A ottobre è stato lanciato a Padova il Partito dei Veneti. Parola d’ordine: "autogoverno". Obiettivo: l’indipendenza sul modello Catalogna. A Napoli de Magistris rilancia con referendum e criptomoneta
Resta, infine, un ultimo aspetto della questione settentrionale sin qui sottovalutato: il rapporto con le grandi città metropolitane. È stato il sindaco di Mila- no, Giuseppe Sala, a evocare più poteri e più libertà d’azione per la metropoli, facendo capire di ritenere il capitolo relativo all’autonomia come un tema ormai vecchio e superato dagli eventi. A sorpresa, a rispondergli mesi dopo è stato il ministro per il Sud, Giuseppe Provenzano, che ha parlato del capoluogo lombardo come «città che non restituisce quasi più nulla di quello che attrae». La polemica si è chiusa nel giro di ventiquattr’ore, ma il tema è rimasto sul tavolo e riguarda innanzitutto il Mezzogiorno: come immaginare, in futuro, una riforma delle competenze degli enti locali che permetta al Sud, in spirito di vera sussidiarietà, di tornare a correre dopo decenni di immobilismo?
Il ritardo del Mezzogiorno
In un recente convegno svoltosi presso la sede milanese della Banca d’Italia, l’immagine di un Paese a due velocità è emersa plasticamente, dati alla mano. Dal 2007 al 2018, secondo l’istituto, il Prodotto interno lordo delle Regioni meridionali ha subito una contrazione di circa dieci punti percentuali, mentre nel Centro Nord il calo è stato di meno di tre punti. Al centro dell’attenzione degli analisti rimane il nuovo allargamento della forbice Nord-Sud che potrebbe avere serie ripercussioni in campo socio-politico, condizionando i risultati della più o meno prossima competizione elettorale. Non è un mistero che buona parte degli addetti ai lavori, dalla grande impresa ai sindacati, considerino il piano sull’autonomia differenziata voluto da Lombardia e Veneto come un favore alle Regioni ricche.
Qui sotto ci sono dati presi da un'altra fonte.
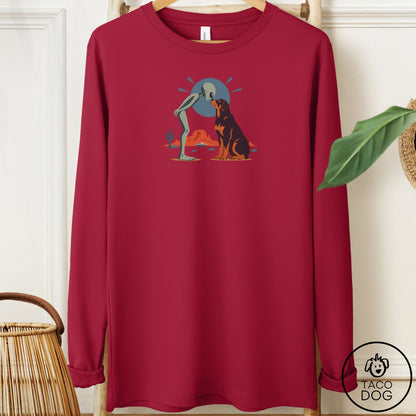 Rottweiler Hello Neighbor Long Sleeve Tee Cardinal Taco-Dog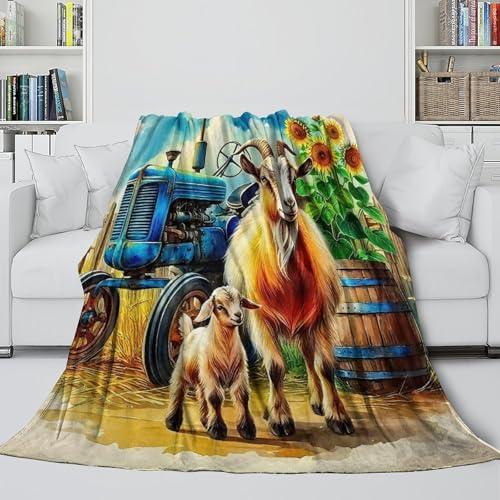 Couverture tracteur 3D plaid lit chaud microfibre 200x230cm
La reazione di alcuni sindaci come Luigi de Magistris, di Napoli, sembra essere speculare a quella della Lega salviniana. Chiedete autonomia? E noi indiremo un referendum per fine anno, ha detto de Magistris, per avere «più risorse, meno vincoli» e, se serve, addirittura una criptomoneta. È il ritorno del vento sovranista che soffia in tutte le direzioni e non risparmia nessuno, a destra come a sinistra. Un vento così forte che rischia però di chiudere porte, anziché spalancarle, cambiando per sempre quel sentimento di unità nazionale mai messo in discussione neppure negli anni della devolution.